There's always a snorer – if you don't hear them, then that means it's you.

Lying there, trying hard to relax, there was only one question troubling me: What's the ancient Tibetan for "stop snoring"?

This proved the fly in the leek and potato veloute (I had that for starters on the second day) of the weekend..

There we lay body scanning – left toe, ball of the foot, shin – and the snorer was right beside me.

The snorer fell asleep at the inner left heel and snored so hard that my loving kindness got up and slipped out of the room leaving me with inner child on tantrum mode.

The yoga teacher had said gently that if we fell asleep it was because this is what the body needed.

Not mine, not mine.

My report card for the weekend may have read: "Could do better."

But we had a great laugh. Yoga people do strawberry daiquiris and dark 'n' stormys in the afternoon.

The conversation turns in all sorts of weird directions.

Our green organic friend has other friends who, she says, are "fierce recyclers".

Naturally they donated their bodies to medical research – the ultimate recycling.

Only the gift of the body was received gratefully but then sent back again as they were full up.

That was hard, she said.

The talk turned to all sorts of endings – woodland burials and ash scattering.

The new ideal for recyclers involves special fungal spores that break a body down pronto.

Enough of that - there is plenty of life in us old dogs left.

We're all heading rapidly to the retired stage of life.

Some of us do it with grace and tenacity.

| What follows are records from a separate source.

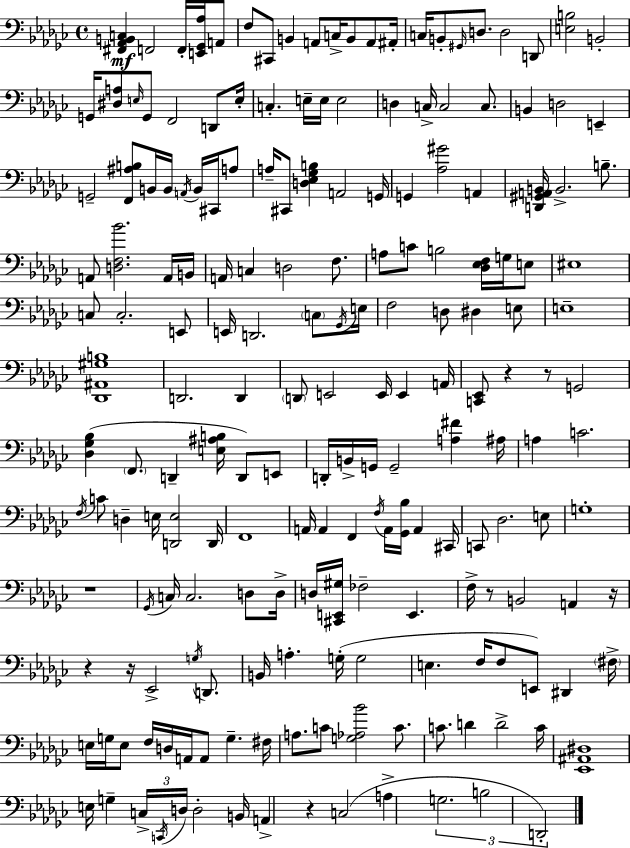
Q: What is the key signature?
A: EES minor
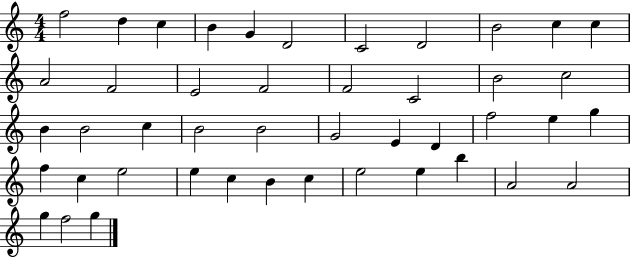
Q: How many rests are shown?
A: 0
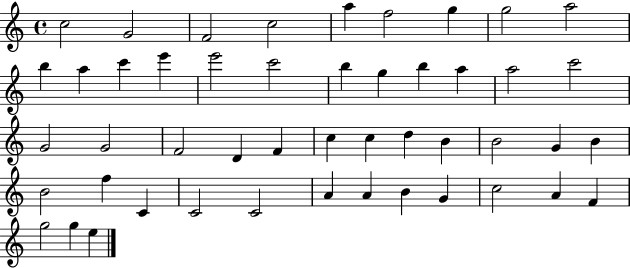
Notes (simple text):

C5/h G4/h F4/h C5/h A5/q F5/h G5/q G5/h A5/h B5/q A5/q C6/q E6/q E6/h C6/h B5/q G5/q B5/q A5/q A5/h C6/h G4/h G4/h F4/h D4/q F4/q C5/q C5/q D5/q B4/q B4/h G4/q B4/q B4/h F5/q C4/q C4/h C4/h A4/q A4/q B4/q G4/q C5/h A4/q F4/q G5/h G5/q E5/q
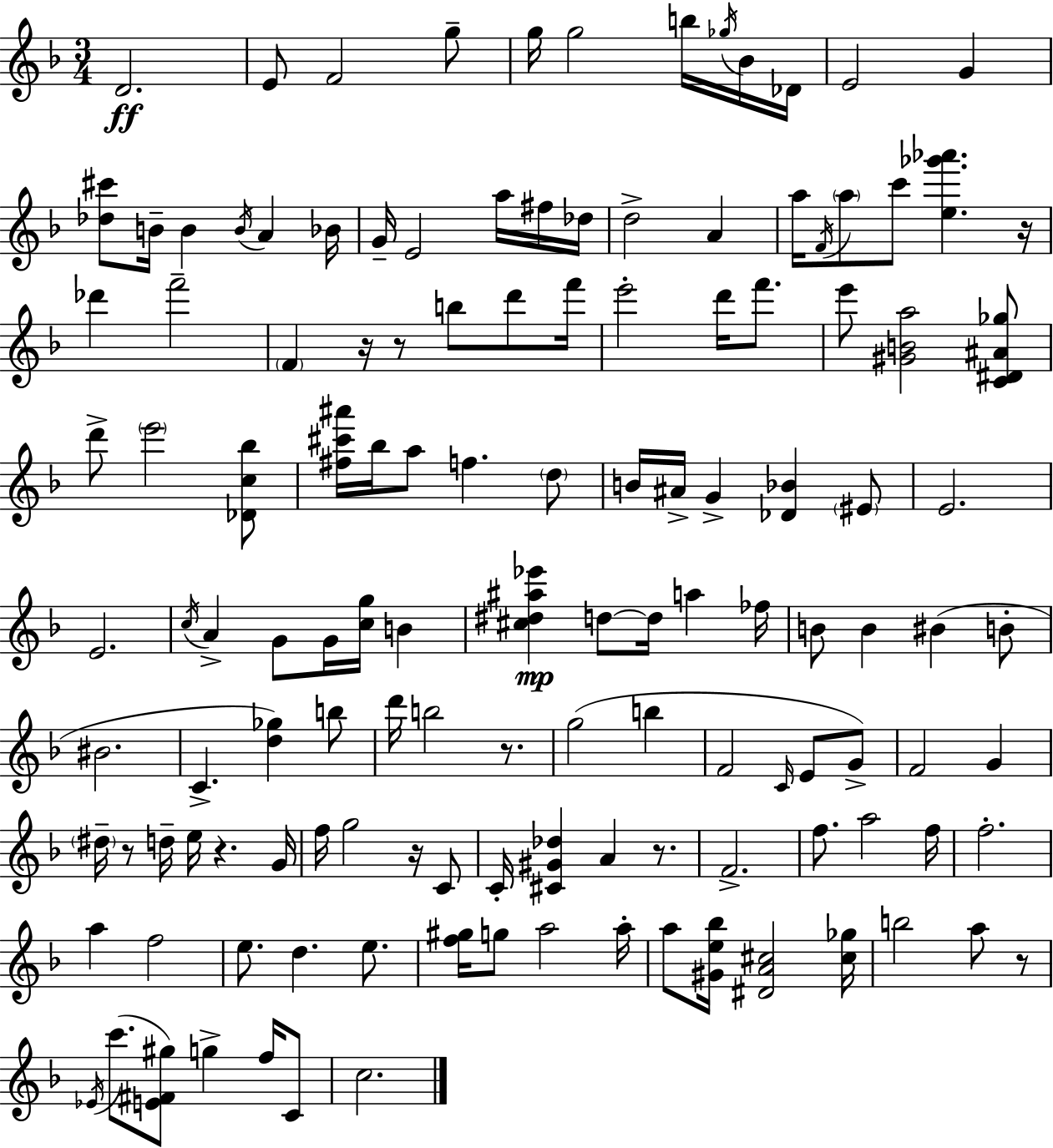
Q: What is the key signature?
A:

They take hip and knee replacements in their stride – defy the gods of time, still look glamorous; still have fun.

So my dog head down is no longer a thing of beauty and I have to accept that I am no longer the 19-year-old who could stand on her head in the middle of the room minus supports for half an hour at a time.

But the joy is still there; my third eye flickers and glows in the dark like a lit cigarette.

So on we go... saluting the sun; breathing to the pits of our beings; laughing ourselves alive.